#### Work to complete:
Write out exactly, and only, the lines below from the line with "2 Bedroom Apartment" through the line with "2201 Whilden Court, Charlotte, NC"; pictures do not belong in the copy.

#### Data excerpts:
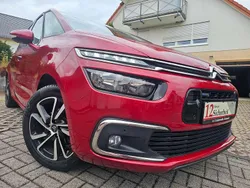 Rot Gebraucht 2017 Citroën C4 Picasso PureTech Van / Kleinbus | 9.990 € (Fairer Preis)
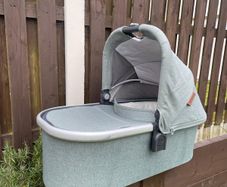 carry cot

* * *

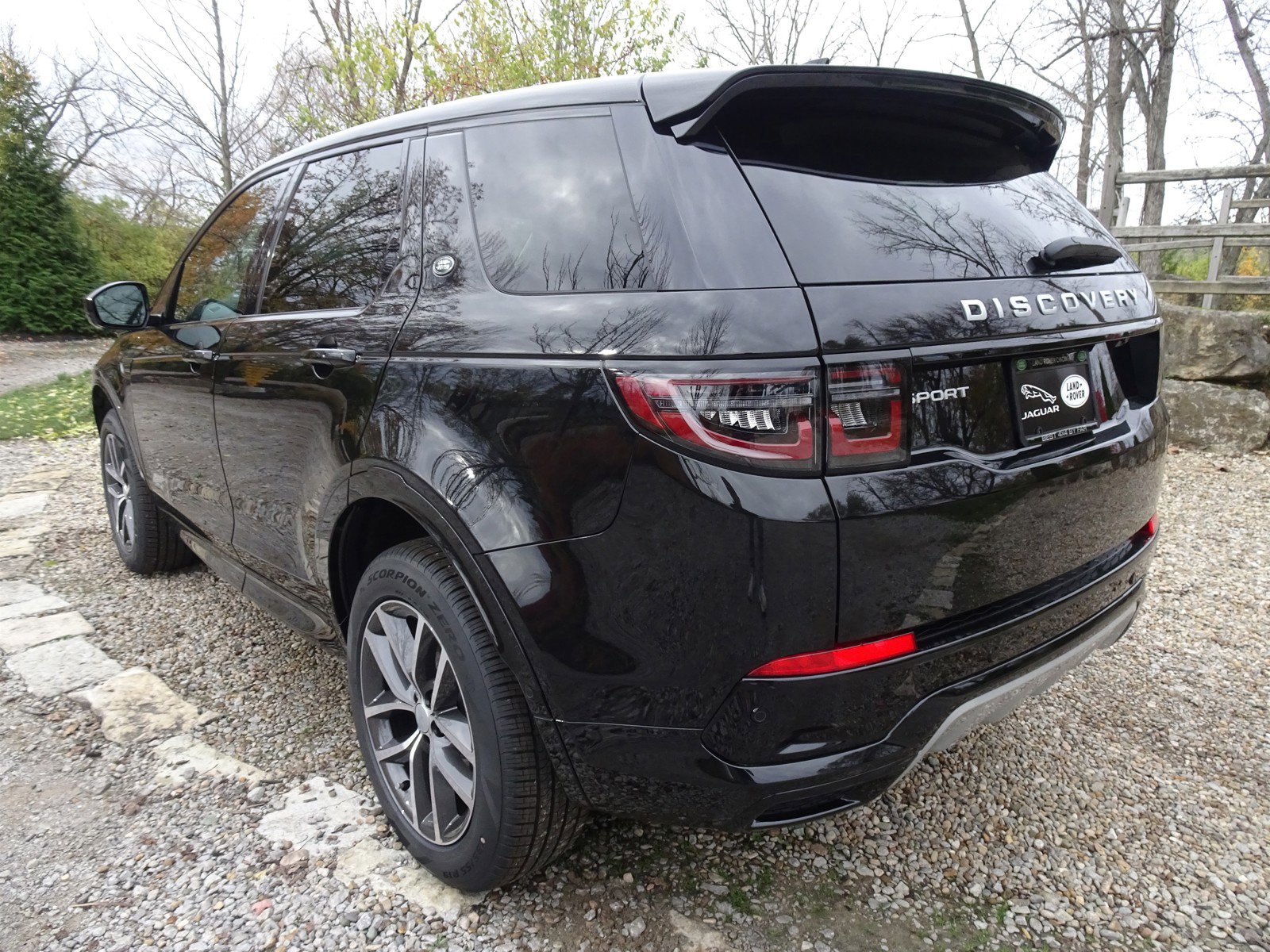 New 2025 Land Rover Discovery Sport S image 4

---

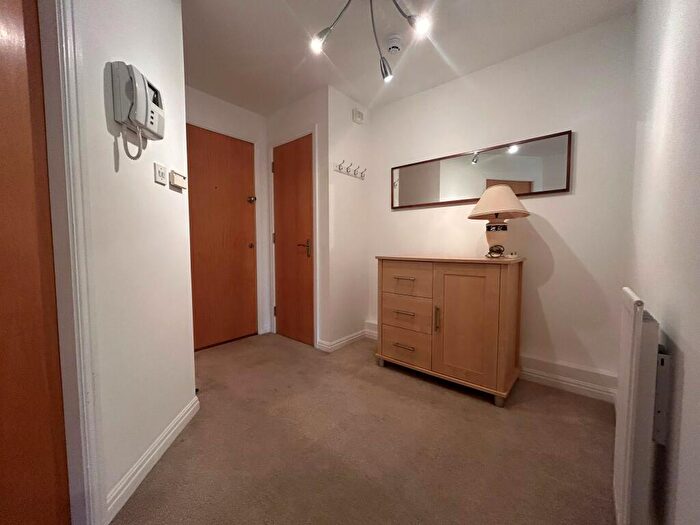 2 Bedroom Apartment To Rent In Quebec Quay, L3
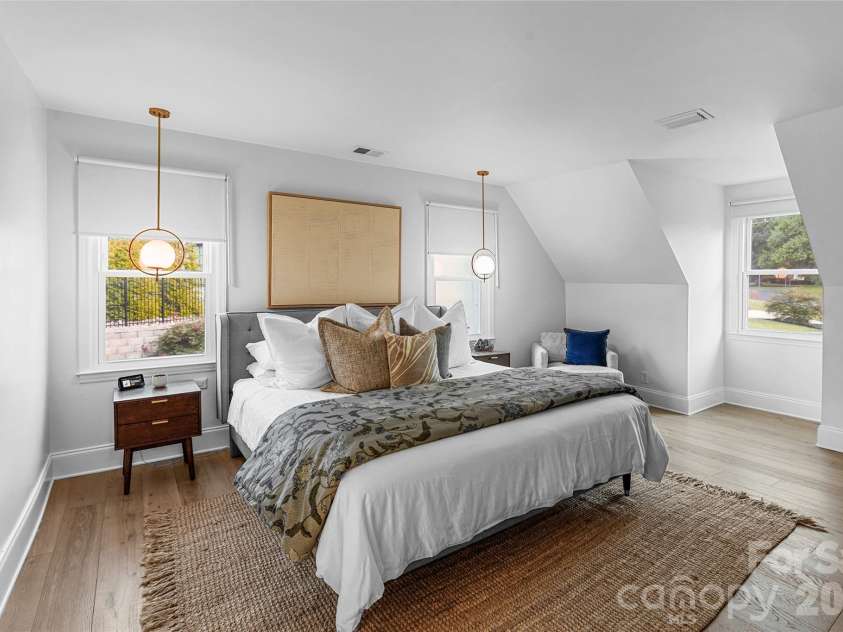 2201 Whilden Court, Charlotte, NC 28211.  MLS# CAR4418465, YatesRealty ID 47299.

#### Exercise answer:
 2 Bedroom Apartment To Rent In Quebec Quay, L3
 2201 Whilden Court, Charlotte, NC 28211.  MLS# CAR4418465, YatesRealty ID 47299.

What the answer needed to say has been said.